**DIRECTIONS:** Without the pictures, write the listing out again exactly as it appears.

# # # # # # #

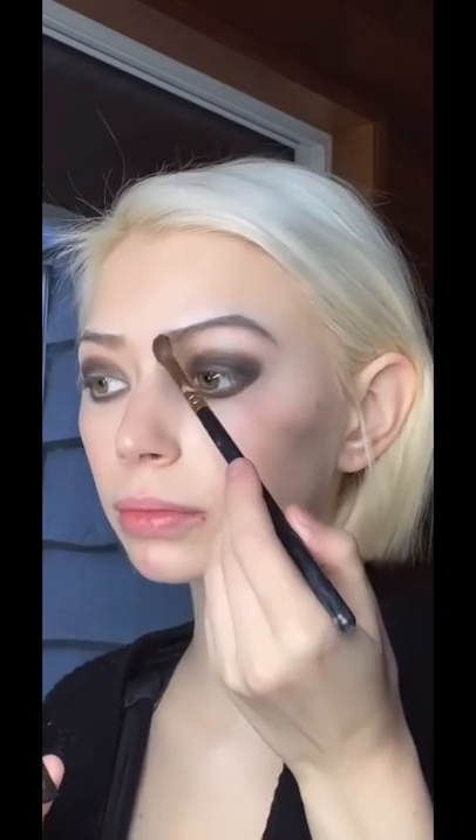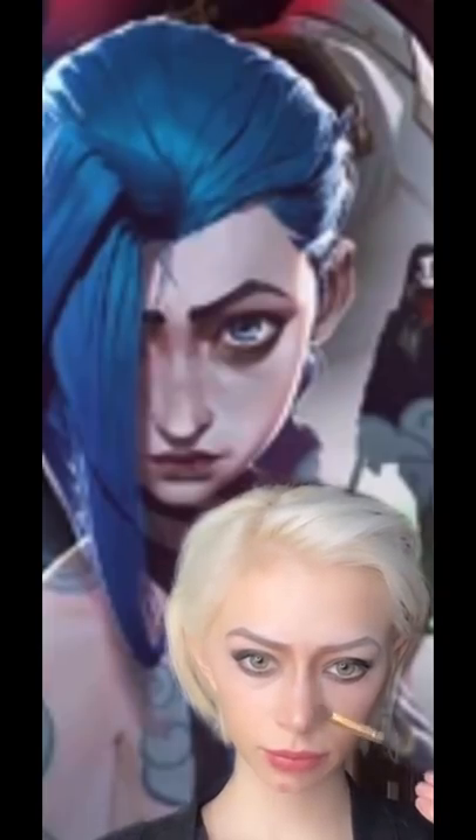I did end up redoing the eyebrows a little bit in the end. I wanted to create that really sad arch and I used a concealer to kind of give it that shape. I moved the arch a little bit forward so it matched the middle of my eye a bit more. Then I did contour my nose just a little bit to give it some depth.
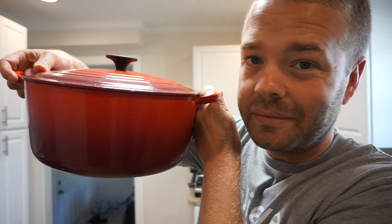So if you have a Dutch oven, you can make this awesome dish. Whether you're a Dutchman with a really cool Dutch last name or not, all you need is a Dutch oven.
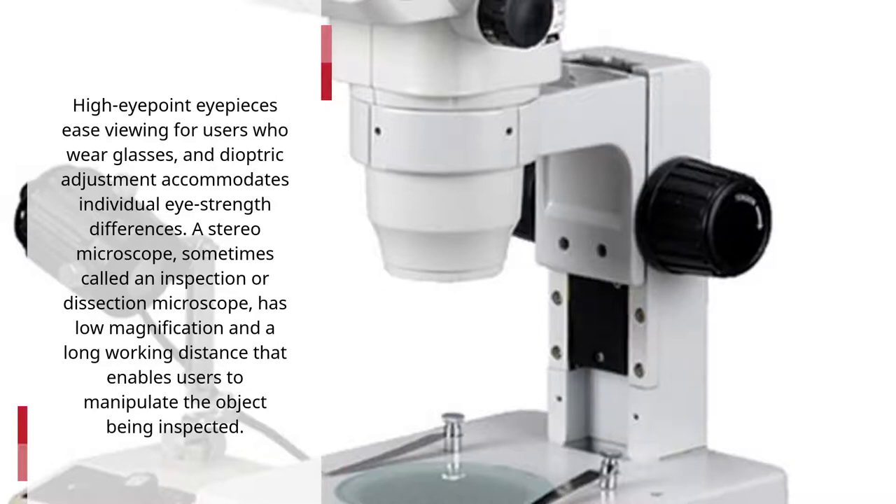A stereo microscope, sometimes called an inspection or dissection microscope, has low magnification and a long working distance that enables users to manipulate the object being inspected.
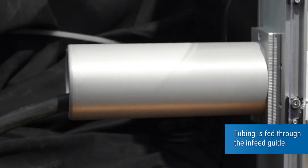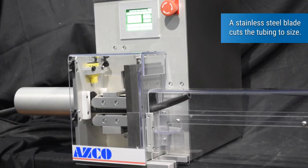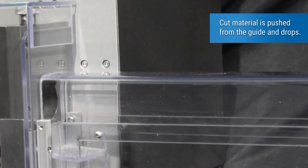Tubing is fed through the in-feed guide. A dual drive tractor belt system indexes the material. A stainless steel blade cuts the tubing to size. Cut material is then pushed from the guide and drops.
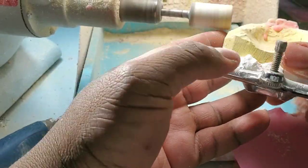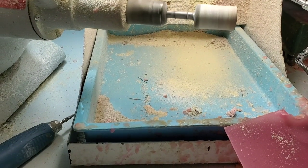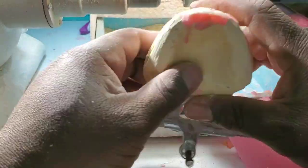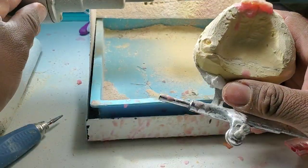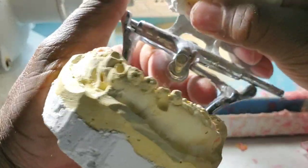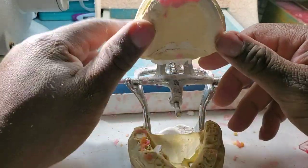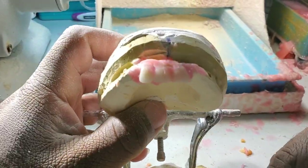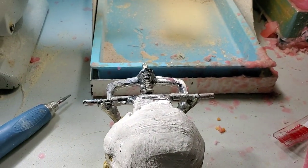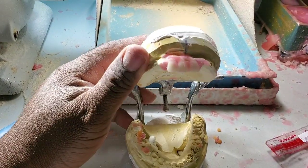That person has lost her vertical dimension because those teeth have been worn down to just about half. So I'm going to place all the remaining teeth on this top denture. I'm going to push this away from me so I can have space to work on this denture. I'm going to put another tooth — my lateral.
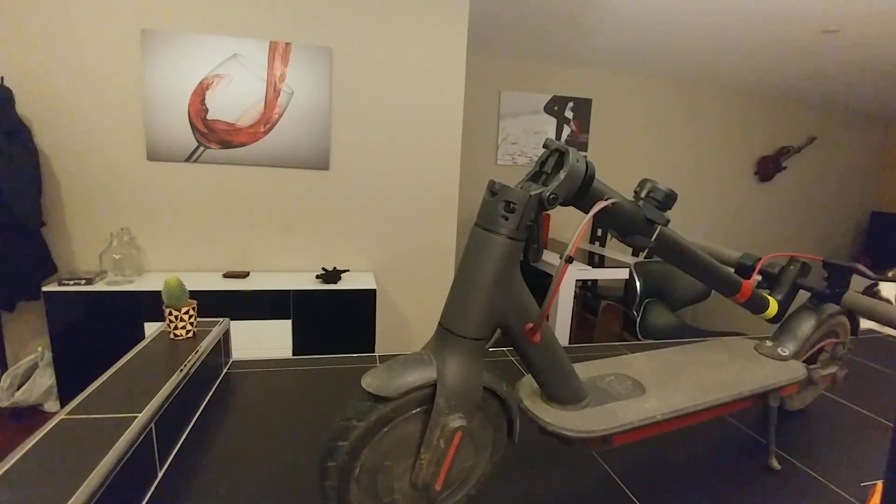Hi everyone, back for a new tutorial about our electric scooter Xiaomi M365.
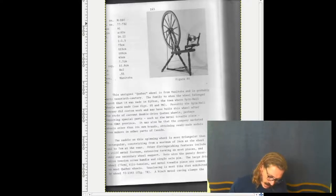This unsigned Quebec wheel is from Manitoba and is probably early 20th century. The family to whom the wheel belonged report that it was made in Sifton, the town where Spinwell wheels were made. Possibly the Spinwell company did custom work and may have built this wheel after the style of current double-drive Quebec wheels, perhaps importing special parts such as the metal treadle piece from that province. It may also be that the company marketed wheels other than its own brands, obtaining ready-made models from makers in other parts of Canada.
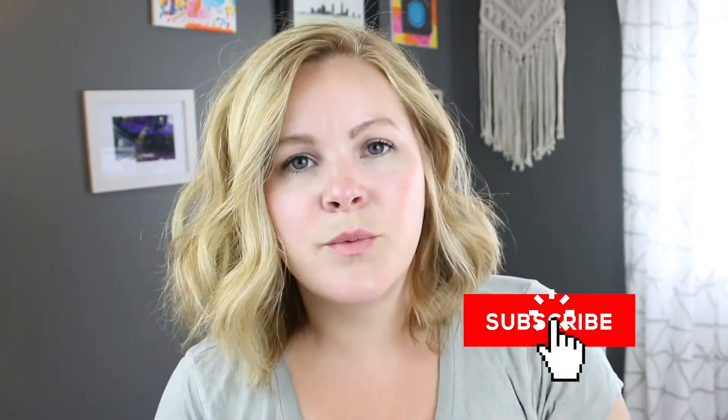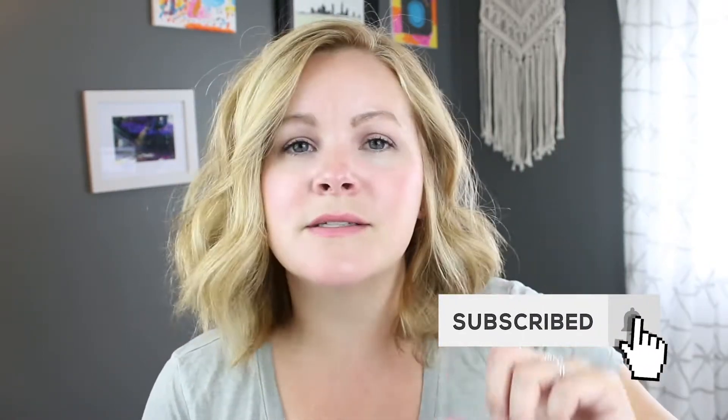Before I get started, if this video is helpful for you, make sure you give it a big thumbs up and subscribe to the VidProMom channel. This is where I bring you tutorials, tips, tricks, and how-to's on video editing and how to use a GoPro camera. If you're new here, make sure you hit that subscribe button — I think we should be friends.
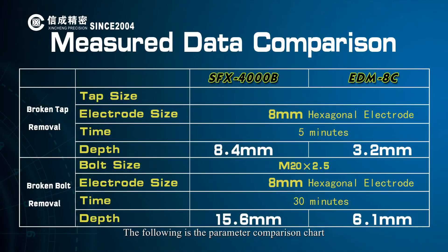The following is the parameters comparison chart for the EDM-8C and SFX-4000B.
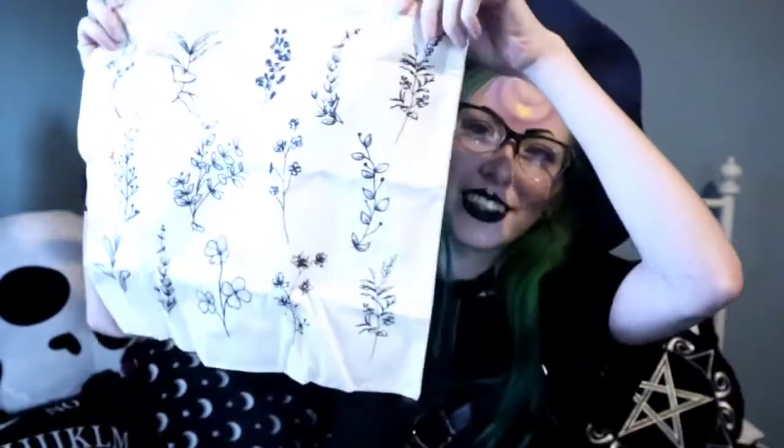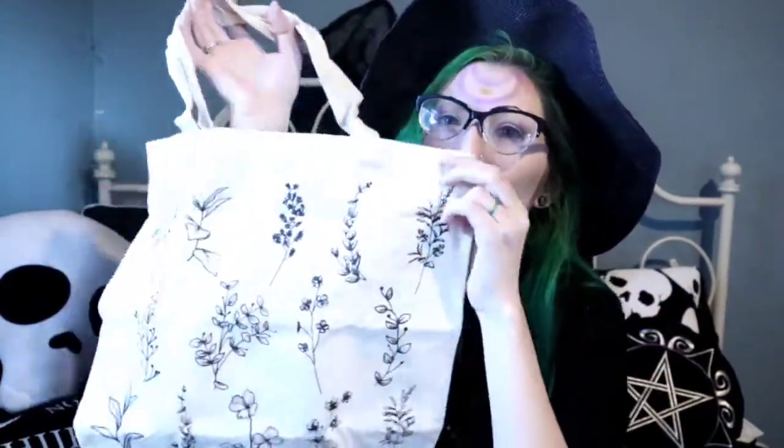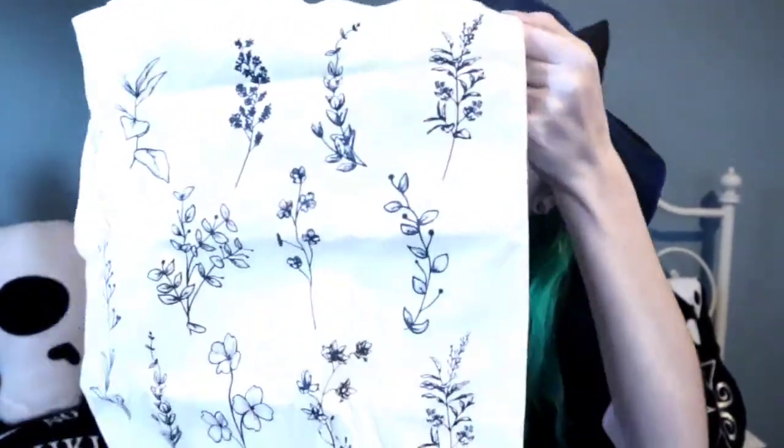This is very cool. If this is what I think it is, I am very happy. It is — it's a tote bag! I freaking love reusable bags and this is a really good, substantially sized one. It has all of these little drawings of cute little plants. It's very minimal and very sweet. I love using reusable bags for grocery shopping or just when I'm out shopping. You can never really have too many of these things, and it's always nice to have ones that are cute.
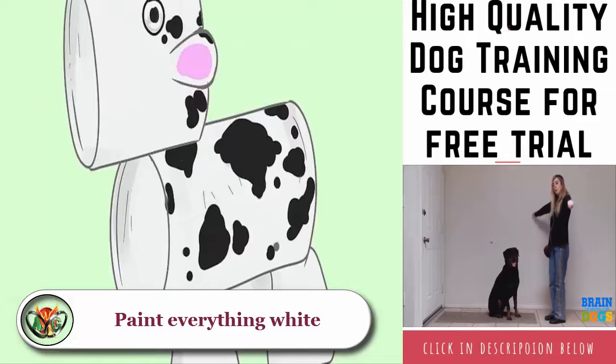Attach the eyes: using craft glue, adhere two googly craft eyes onto the face and allow the glue to dry completely. Both eyes should lie just in front of the ears along the length of the head. Place each eye in between one horn and one ear along the width perimeter of the head.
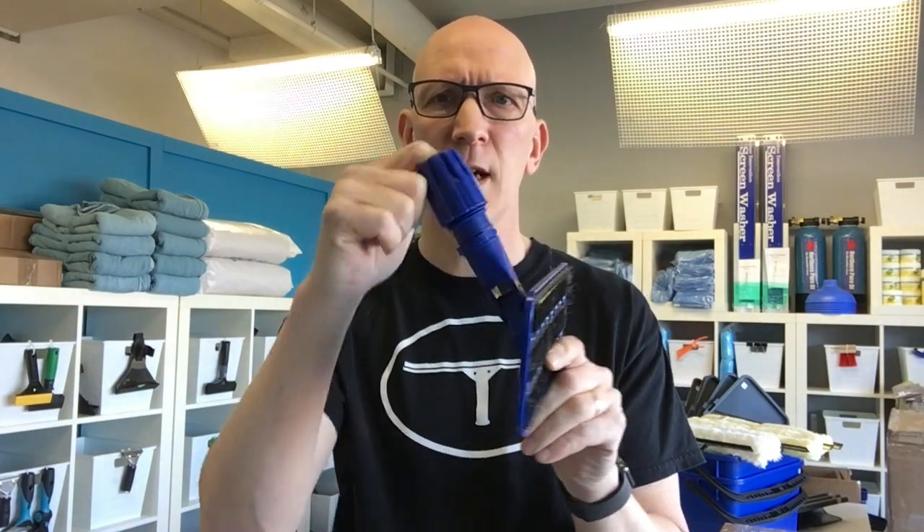Hey everyone, welcome to another video here from thewindowcleaningstore.com. Today I want to show you our pad holder. This is a swivel pad holder that swivels in four different directions — it's got side to side, up and down; it's basically a universal type joint. When you have it at the end of a pole, there's virtually no angle that you shouldn't be able to reach.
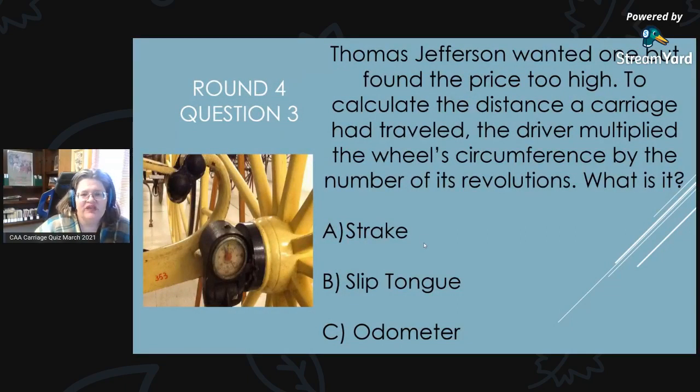Round 4, Question 3: Thomas Jefferson wanted one of these very badly but found the price too high. To calculate the distance a carriage had traveled, the driver multiplied the wheel circumference by the number of its revolutions. What is it? Is it A, a strake; B, a slip tongue; or C, an odometer?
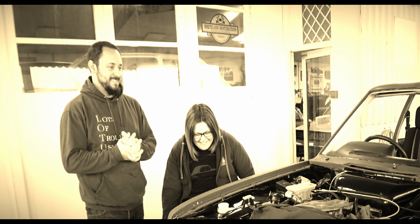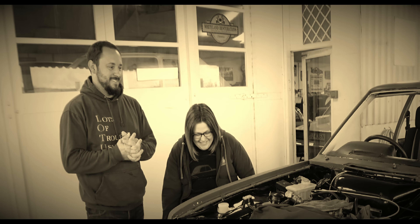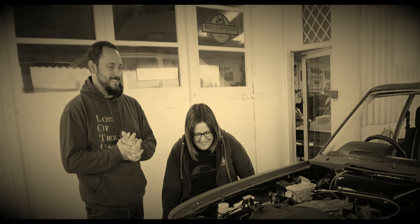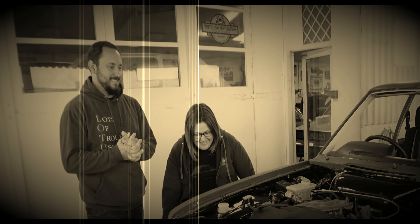Anyway, as you can tell, this was filmed a few months ago and we thought it was about time we finished up the Talbot Saga, so brace yourself for a few Talbot Sunbeam Lotus episodes. Right, let's get into it!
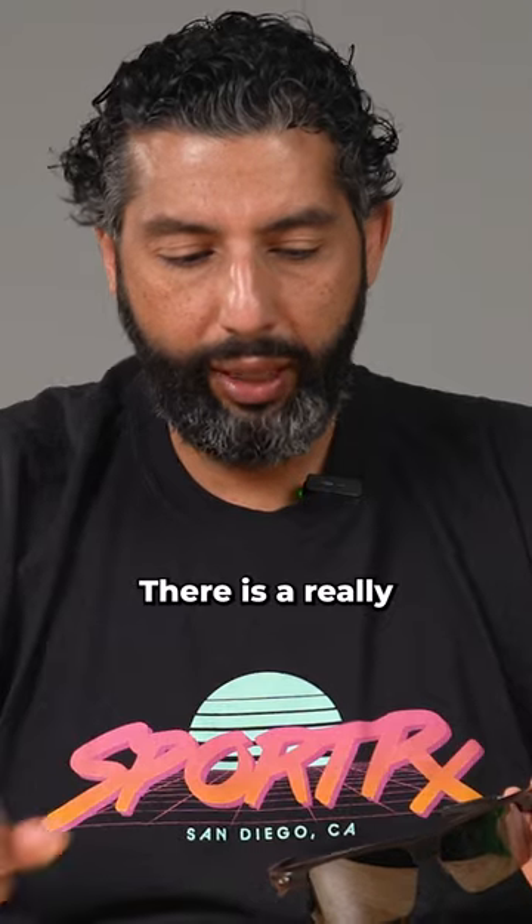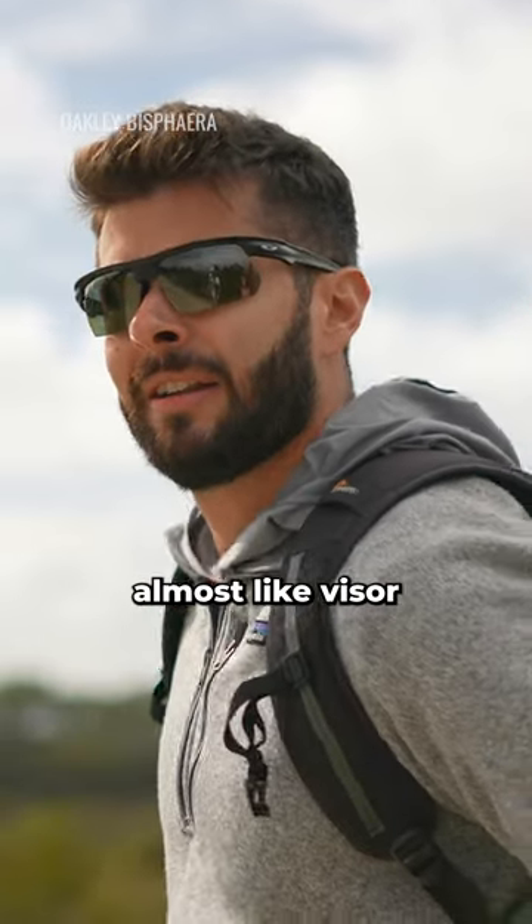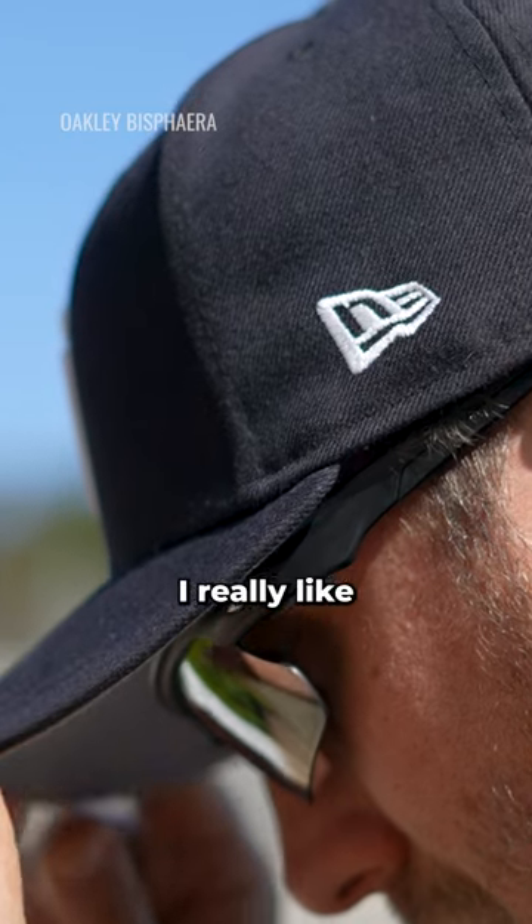There's a really cool feature on the Bisphera that I like — there's this angle right here on the top of the frame that kind of introduces an almost visor option. I think that's really cool. I really like the aesthetics of these.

# # # # # # #

**THE ANSWER:**
I did end up redoing the eyebrows a little bit in the end. I wanted to create that really sad arch and I used a concealer to kind of give it that shape. I moved the arch a little bit forward so it matched the middle of my eye a bit more. Then I did contour my nose just a little bit to give it some depth.
So if you have a Dutch oven, you can make this awesome dish. Whether you're a Dutchman with a really cool Dutch last name or not, all you need is a Dutch oven.
A stereo microscope, sometimes called an inspection or dissection microscope, has low magnification and a long working distance that enables users to manipulate the object being inspected.
Tubing is fed through the in-feed guide. A dual drive tractor belt system indexes the material. A stainless steel blade cuts the tubing to size. Cut material is then pushed from the guide and drops.
That person has lost her vertical dimension because those teeth have been worn down to just about half. So I'm going to place all the remaining teeth on this top denture. I'm going to push this away from me so I can have space to work on this denture. I'm going to put another tooth — my lateral.
Hi everyone, back for a new tutorial about our electric scooter Xiaomi M365.
This unsigned Quebec wheel is from Manitoba and is probably early 20th century. The family to whom the wheel belonged report that it was made in Sifton, the town where Spinwell wheels were made. Possibly the Spinwell company did custom work and may have built this wheel after the style of current double-drive Quebec wheels, perhaps importing special parts such as the metal treadle piece from that province. It may also be that the company marketed wheels other than its own brands, obtaining ready-made models from makers in other parts of Canada.
Before I get started, if this video is helpful for you, make sure you give it a big thumbs up and subscribe to the VidProMom channel. This is where I bring you tutorials, tips, tricks, and how-to's on video editing and how to use a GoPro camera. If you're new here, make sure you hit that subscribe button — I think we should be friends.
The following is the parameters comparison chart for the EDM-8C and SFX-4000B.
This is very cool. If this is what I think it is, I am very happy. It is — it's a tote bag! I freaking love reusable bags and this is a really good, substantially sized one. It has all of these little drawings of cute little plants. It's very minimal and very sweet. I love using reusable bags for grocery shopping or just when I'm out shopping. You can never really have too many of these things, and it's always nice to have ones that are cute.
Attach the eyes: using craft glue, adhere two googly craft eyes onto the face and allow the glue to dry completely. Both eyes should lie just in front of the ears along the length of the head. Place each eye in between one horn and one ear along the width perimeter of the head.
Hey everyone, welcome to another video here from thewindowcleaningstore.com. Today I want to show you our pad holder. This is a swivel pad holder that swivels in four different directions — it's got side to side, up and down; it's basically a universal type joint. When you have it at the end of a pole, there's virtually no angle that you shouldn't be able to reach.
Round 4, Question 3: Thomas Jefferson wanted one of these very badly but found the price too high. To calculate the distance a carriage had traveled, the driver multiplied the wheel circumference by the number of its revolutions. What is it? Is it A, a strake; B, a slip tongue; or C, an odometer?
Anyway, as you can tell, this was filmed a few months ago and we thought it was about time we finished up the Talbot Saga, so brace yourself for a few Talbot Sunbeam Lotus episodes. Right, let's get into it!
There's a really cool feature on the Bisphera that I like — there's this angle right here on the top of the frame that kind of introduces an almost visor option. I think that's really cool. I really like the aesthetics of these.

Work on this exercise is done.